## [REQUIRED ACTION]
Give again, exactly and only, the lines running from the one with "Stylized terracotta ancient" to the end of the material below; leave out pictures.

## [STORED DATA]

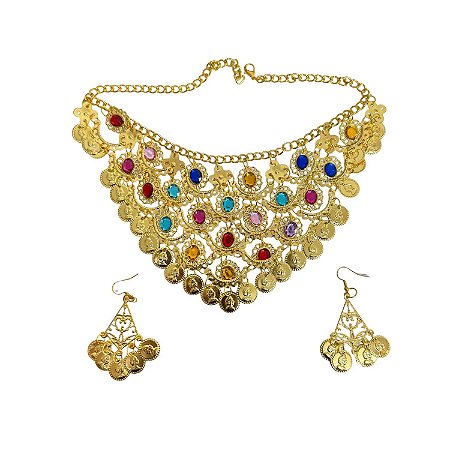 CONJUNTO CIGANO COLAR E BRINCO COLORIDO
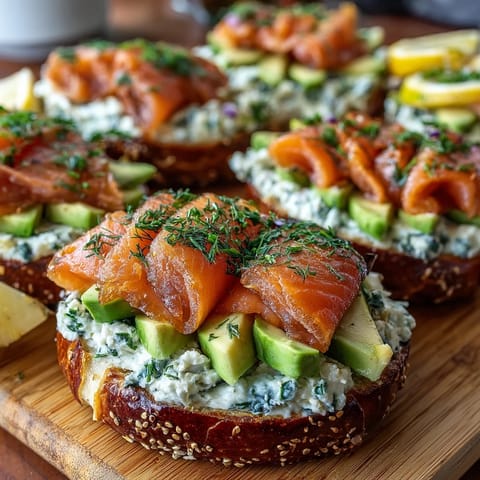 A colorful smoked salmon bagel board with cream cheese, fresh veggies, and garnishes for a perfect spring brunch spread.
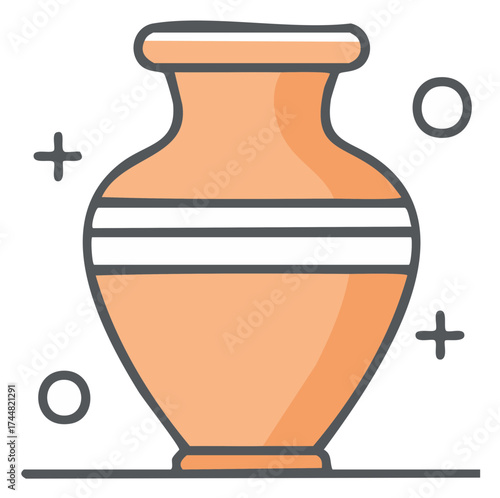 Stylized terracotta ancient vase with decorative bands and abstract embellishments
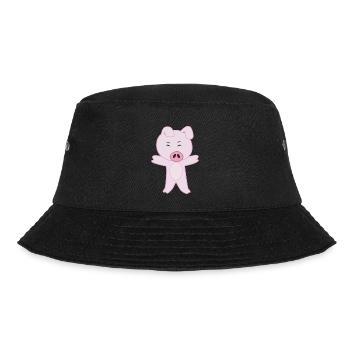 Cute Pig all pink - Bucket Hat - black - Front - Lela (165cm)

## [RESPONSE AREA]
 Stylized terracotta ancient vase with decorative bands and abstract embellishments
 Cute Pig all pink - Bucket Hat - black - Front - Lela (165cm)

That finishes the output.